The Second Murderer by Denise Mina

This was the perfect book to read on a long ferry journey. Interesting enough to keep me reading, not too challenging so that I could pick it up and put it down several times.

Set in LA, private detective Philip Marlowe is hired to find the daughter of an extremely rich man. She has a son so the heir is sorted but she has walked out and her father wants to be able to tell her son that he looked for her. He chooses Marlowe thinking that he wouldn’t do a good job. The family had no need for Christine, the daughter, to be found but needed to build a narrative around her disappearance.

Unfortuntately for them, Marlowe is quite good at his job and found her quickly but of course then the excitement begins. There are murders and low-life, hotels you wouldn’t want to stay in and the heat. It is very, very hot in LA.

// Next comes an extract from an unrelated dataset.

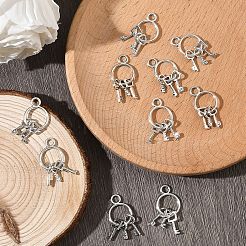 10Pcs Tibetan Style Zinc Alloy Pendants&nbsp;TIBEP-YW0002-19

The heat of the day was rising. It was climbing out of the sewers. It was creeping out of the stones. Cracks in the sidewalk flowered open to let out heat-warmed dust that lurked in the air, ready to catch children by the throat, smother babies or hold a cushion over Grammie’s face. It was early, not yet noon, but the memory of yesterday’s sandy heat made everyone dread it, like the sound of a second cough in an empty house at two a.m.

p71

Marlowe is not the only detective on the trail of Christine and it is his job, he realises, to see that she is not killed. He is an old-fashioned detective, a set of ethics all his own and a protective attitude towards women, hard-boiled, like Chandler’s version, and as in Chandler’s writing, the seedy and sordid are lightened slightly by the humour or ‘wisecracks’ and use of simile and metaphor. Some examples are:

  • There was something wrong, something bad in it, like a mouthful of soup with a stray hair that brushes your lip on the way in and then disappears. p1 describing the weather.
  • Her roots were so white and bright they shone like stars in a black sky. p2 describing Maud’s hair
  • . . . they were as drunk as monkeys at a rum convention. p3
  • They were the ocean that the big fish moved in, hangers-on and back grounders. The movie colony is made up of people with burning ambition and these people were warming their hands on that fire.

These are clear, often exaggerated yet show exactly how things are.

This is yet another book where a character continues long after the author has died or finished with them. Other examples where this has happened are with the Girl with the Dragon Tattoo, a variety of authors have written further James Bond stories. Hercule Poirot has continued with Sophie Hannah and I believe there is also a new Jeeves and Wooster. Mina is the first female to write a Philip Marlowe story and it fitted the bill exactly. I wonder if this is a new genre although I am not sure what it would be called. Continuations? Character rebirth?